U.S. Supreme Court Decision Changes Tax Implications for Internet Sales

by Jon Stevenson & Lindsay Nelson, Kooperman Mentel Ferguson Yaross

It’s that time of year again, when consumers are scrambling to purchase gifts for the holidays, and retailers are pushing to earn a substantial portion of their annual revenue. Now, more than ever, a significant number of consumers are choosing to make their purchases online.

Forbes reported that this year’s online Black Friday sales were about 24 percent above last year’s level, reaching a record $6.2 billion. While consumers are thrilled with the growing ease of online shopping, the U.S. Supreme Court’s decision in South Dakota v. Wayfair may complicate the holidays for online retailers.

Prior to Wayfair, Quill Corp. v. North Dakota was controlling sales tax law for states and online retailers. Under Quill, a state could not require a retailer to collect and remit sales tax if the retailer had no “physical presence” in that state. The “physical presence” standard meant that out-of-state internet retailers were only subject to a state’s sales tax requirements if the retailer had a physical presence, such as property or employees, within the taxing state.

On June 21, Wayfair directly overruled Quill. At issue in Wayfair was a South Dakota law requiring that out-of-state sellers collect and remit sales tax if the out-of-state seller, on an annual basis, delivered more than $100,000 of goods into the state or engaged in 200 or more separate transactions for the delivery of goods into the state. South Dakota filed suit seeking a declaration that the law was valid. Respondents, top online retailers with no employees or property in South Dakota but with sales or transactions meeting the law’s requirements, argued that the law was unconstitutional.

Ultimately, the Supreme Court overruled Quill and found that while the Constitution does prohibit states from creating tax laws that are an undue burden on interstate commerce, it does not require a physical presence; rather, the state only needs to show the law is based on a “substantial nexus” between the state and the online retailer. The Court did not determine whether the thresholds in Wayfair were sufficient to establish a “substantial nexus”—it left that for the lower court to decide.

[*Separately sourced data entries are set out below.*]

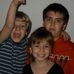 Profile Picture of Cora Carlos (@Cora-Carlos) on Facebook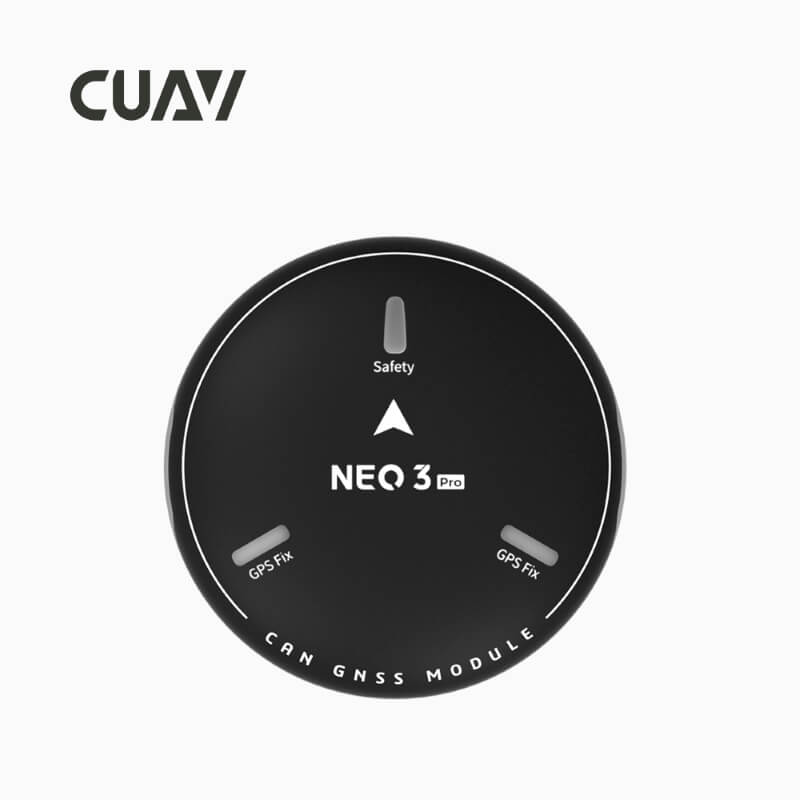 NEO 3 Pro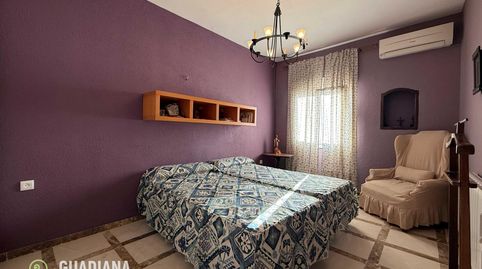 Foto 5 de Apartamento en venta en Andalucia, 79, Ayamonte ciudad, Ayamonte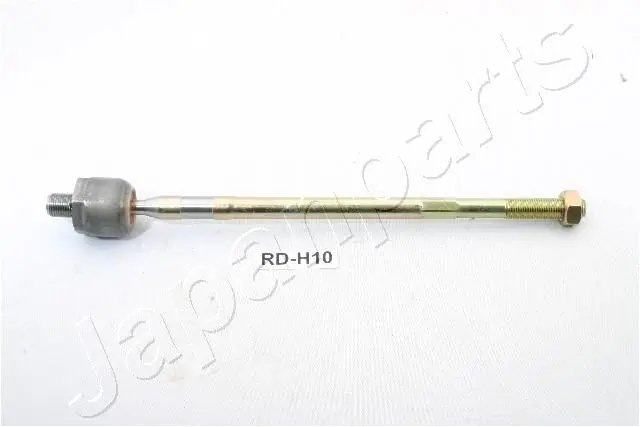 Bieleta directie Japanparts RD-H10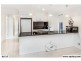 9 Sundew Street, Ningi QLD 4511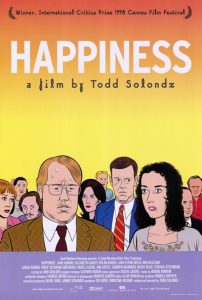 HAPPINESS (SubITA) ezgif-7673abe757825d
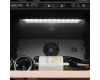 Винный шкаф Meyvel MV95-KST2 (Slim)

Unfortunately, Wayfair leaves online retailers with more questions than answers. Currently, 31 states have laws requiring that out-of-state retailers collect and remit sales tax for online sales and it is not clear whether these laws contain the Constitution’s “substantial nexus” requirement. For now, internet retailers should be tracking all out-of-state sales, noting the states in which they do the most business, and researching such state’s sales tax laws. Sales tax liability may represent a significant issue for internet retailers that do not comply with state sales tax laws as such liabilities grow quickly with penalties, interest and potentially collection costs. In the wake of Wayfair, lower courts and state legislatures will be wrestling with what laws implicate a substantial nexus and are not an undue burden on interstate commerce, so it will also be important for internet retailers to keep apprised of changes that are likely to come.